Memorial plaque in memory of the six Norwegian soldiers who were killed in the April-May 1940 Battle of Hegra Fortress, raised by fellow veterans of the battle. The memorial is located next to the entrance gate to Hegra Fortress, in Hegra, Norway.
Memorial plaque in memory of the six Norwegian soldiers who were killed in the April-May 1940 Battle of Hegra Fortress, raised by fellow veterans of the battle. The memorial is located next to the entrance gate to Hegra Fortress, in Hegra, Norway.

Battle of Hegra Fortress

militaryhistoryworld-war-ii
4 min read

The fortress at Hegra was not supposed to be a battlefield. It had been mothballed since 1926, used as a summer camp for children, and most recently as an internment site for Finnish soldiers fleeing the Winter War. But on 10 April 1940 -- one day after Germany invaded Norway -- Major Hans Reidar Holtermann led his retreating artillerymen up the mountain to Ingstadkleiva Fort, and what followed was one of the most remarkable small-unit actions of the Second World War. For twenty-five days, 250 volunteers and a civilian nurse named Anne Margrethe Bang held the old fortification against infantry assaults, artillery bombardment, and Luftwaffe bombing, surrendering only after every other Norwegian force in southern Norway had already laid down its arms.

A Fortress Nobody Planned to Use

Holtermann's arrival at Hegra was an improvisation born of necessity. He had been mobilizing Artillery Regiment No. 3 at the army camp near Vaernes Air Station when German troops landed at Stjordal Station on 10 April, approaching the camp by mid-morning. His soldiers were not yet combat-ready, so Holtermann evacuated to the old border fort. By that afternoon, fifty volunteers had gathered.

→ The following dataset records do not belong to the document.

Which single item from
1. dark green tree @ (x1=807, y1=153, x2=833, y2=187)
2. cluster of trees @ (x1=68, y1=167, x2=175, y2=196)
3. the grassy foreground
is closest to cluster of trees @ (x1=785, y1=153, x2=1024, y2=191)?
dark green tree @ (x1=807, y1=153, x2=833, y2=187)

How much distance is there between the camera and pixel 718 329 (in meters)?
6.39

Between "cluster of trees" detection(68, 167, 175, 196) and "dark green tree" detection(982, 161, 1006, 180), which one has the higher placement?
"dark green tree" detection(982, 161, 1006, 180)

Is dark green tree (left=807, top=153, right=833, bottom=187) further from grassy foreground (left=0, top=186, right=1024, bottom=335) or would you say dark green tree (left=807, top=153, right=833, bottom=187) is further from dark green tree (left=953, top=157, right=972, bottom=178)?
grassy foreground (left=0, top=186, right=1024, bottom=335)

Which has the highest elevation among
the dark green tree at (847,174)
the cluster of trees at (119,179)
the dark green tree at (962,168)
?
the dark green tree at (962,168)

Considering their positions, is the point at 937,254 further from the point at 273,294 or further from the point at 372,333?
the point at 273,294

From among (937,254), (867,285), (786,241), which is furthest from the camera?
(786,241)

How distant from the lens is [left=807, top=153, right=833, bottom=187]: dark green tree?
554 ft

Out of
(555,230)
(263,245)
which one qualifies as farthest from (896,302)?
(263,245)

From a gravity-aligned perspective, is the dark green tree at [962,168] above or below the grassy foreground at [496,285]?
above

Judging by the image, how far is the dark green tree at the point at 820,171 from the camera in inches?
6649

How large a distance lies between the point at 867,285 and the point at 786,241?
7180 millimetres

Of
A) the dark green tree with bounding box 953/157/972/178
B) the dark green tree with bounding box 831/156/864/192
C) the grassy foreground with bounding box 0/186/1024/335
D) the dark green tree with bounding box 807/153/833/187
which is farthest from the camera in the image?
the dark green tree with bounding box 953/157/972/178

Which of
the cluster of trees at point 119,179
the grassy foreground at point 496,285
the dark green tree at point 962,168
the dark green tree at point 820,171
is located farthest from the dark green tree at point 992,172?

More arrived daily -- local men from Hegra, Stjordal, and Trondheim, along with three Swedes. Holtermann had to turn people away once he reached 250, because he could not arm or equip anyone beyond that number. On 11 April, a patrol slipped back to the German-held Vaernes camp and, finding security remarkably lax, carried off additional weapons, ammunition, and supplies without being detected.

The Guns Speak

When the Germans attacked the Norwegian positions defending Hegra village at dawn on 15 April, the fortress artillery roared to life for the first time. The guns -- four 10.5 cm and two 7.5 cm positional pieces, plus four Krupp field guns the Germans would later describe as Napoleonic -- hammered enemy artillery positions, machine gun nests, and truck convoys pushing toward Sweden. The Norwegians demolished the Hegra road bridge, forcing German infantry to cross the frozen Stjordal River under fire. Five Norwegian soldiers died in the fighting; eight were captured. The following day, a German battalion attempted to storm the mountain fortress but was caught in a blizzard crossing no man's land. Groups of soldiers lost their bearings and began firing on each other. The assault disintegrated before reaching the Norwegian perimeter.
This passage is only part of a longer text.